### AIM OF THE EXERCISE:
Starting at the first line of the entries below, output every line exactly, up to and including the line with "A Man With A".

### EXTRACTED ENTRIES:
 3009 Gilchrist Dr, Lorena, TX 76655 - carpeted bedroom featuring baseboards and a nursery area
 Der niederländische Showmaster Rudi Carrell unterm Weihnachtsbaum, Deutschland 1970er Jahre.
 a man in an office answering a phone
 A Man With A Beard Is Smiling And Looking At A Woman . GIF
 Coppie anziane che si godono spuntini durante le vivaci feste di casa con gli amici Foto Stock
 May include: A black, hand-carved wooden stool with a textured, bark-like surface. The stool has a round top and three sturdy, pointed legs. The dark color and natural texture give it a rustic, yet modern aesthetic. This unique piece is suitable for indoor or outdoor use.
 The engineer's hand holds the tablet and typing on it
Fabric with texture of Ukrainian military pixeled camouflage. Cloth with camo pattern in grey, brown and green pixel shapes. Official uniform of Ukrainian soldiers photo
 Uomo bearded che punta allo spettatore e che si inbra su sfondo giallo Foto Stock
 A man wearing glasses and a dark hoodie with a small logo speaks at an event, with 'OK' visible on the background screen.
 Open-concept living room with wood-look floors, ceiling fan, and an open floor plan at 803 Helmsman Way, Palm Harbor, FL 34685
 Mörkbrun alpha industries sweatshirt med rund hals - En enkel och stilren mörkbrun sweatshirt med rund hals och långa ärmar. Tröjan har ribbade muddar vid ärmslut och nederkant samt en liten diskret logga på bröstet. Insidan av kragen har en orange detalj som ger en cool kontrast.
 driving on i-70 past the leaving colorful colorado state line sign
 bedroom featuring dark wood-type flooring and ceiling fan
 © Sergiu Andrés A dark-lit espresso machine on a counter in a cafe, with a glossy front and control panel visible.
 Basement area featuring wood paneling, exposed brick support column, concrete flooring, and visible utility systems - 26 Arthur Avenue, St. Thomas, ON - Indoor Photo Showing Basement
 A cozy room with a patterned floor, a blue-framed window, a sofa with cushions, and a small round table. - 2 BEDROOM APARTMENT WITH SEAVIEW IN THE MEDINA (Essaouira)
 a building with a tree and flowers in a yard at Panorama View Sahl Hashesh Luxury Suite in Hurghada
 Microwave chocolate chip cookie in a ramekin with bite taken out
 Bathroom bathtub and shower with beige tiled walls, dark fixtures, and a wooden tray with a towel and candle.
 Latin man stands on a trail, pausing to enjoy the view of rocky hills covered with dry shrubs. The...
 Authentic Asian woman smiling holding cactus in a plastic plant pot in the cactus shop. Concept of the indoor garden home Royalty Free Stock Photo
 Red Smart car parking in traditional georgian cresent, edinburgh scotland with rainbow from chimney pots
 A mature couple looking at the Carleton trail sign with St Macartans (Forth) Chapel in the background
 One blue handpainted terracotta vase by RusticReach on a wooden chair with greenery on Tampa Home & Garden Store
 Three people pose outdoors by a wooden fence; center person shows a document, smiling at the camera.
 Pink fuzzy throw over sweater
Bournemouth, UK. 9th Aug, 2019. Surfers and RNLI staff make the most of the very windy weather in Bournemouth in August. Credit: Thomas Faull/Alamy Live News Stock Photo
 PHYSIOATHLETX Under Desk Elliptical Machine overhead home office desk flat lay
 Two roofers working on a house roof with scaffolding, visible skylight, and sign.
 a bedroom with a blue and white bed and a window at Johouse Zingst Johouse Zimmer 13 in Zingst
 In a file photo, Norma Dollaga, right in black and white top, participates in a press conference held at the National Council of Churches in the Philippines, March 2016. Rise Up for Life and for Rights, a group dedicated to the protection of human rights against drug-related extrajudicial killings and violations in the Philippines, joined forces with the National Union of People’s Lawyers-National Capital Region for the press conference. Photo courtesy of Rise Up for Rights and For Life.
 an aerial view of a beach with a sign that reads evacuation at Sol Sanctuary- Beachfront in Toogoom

### SOLVED PROBLEM:
 3009 Gilchrist Dr, Lorena, TX 76655 - carpeted bedroom featuring baseboards and a nursery area
 Der niederländische Showmaster Rudi Carrell unterm Weihnachtsbaum, Deutschland 1970er Jahre.
 a man in an office answering a phone
 A Man With A Beard Is Smiling And Looking At A Woman . GIF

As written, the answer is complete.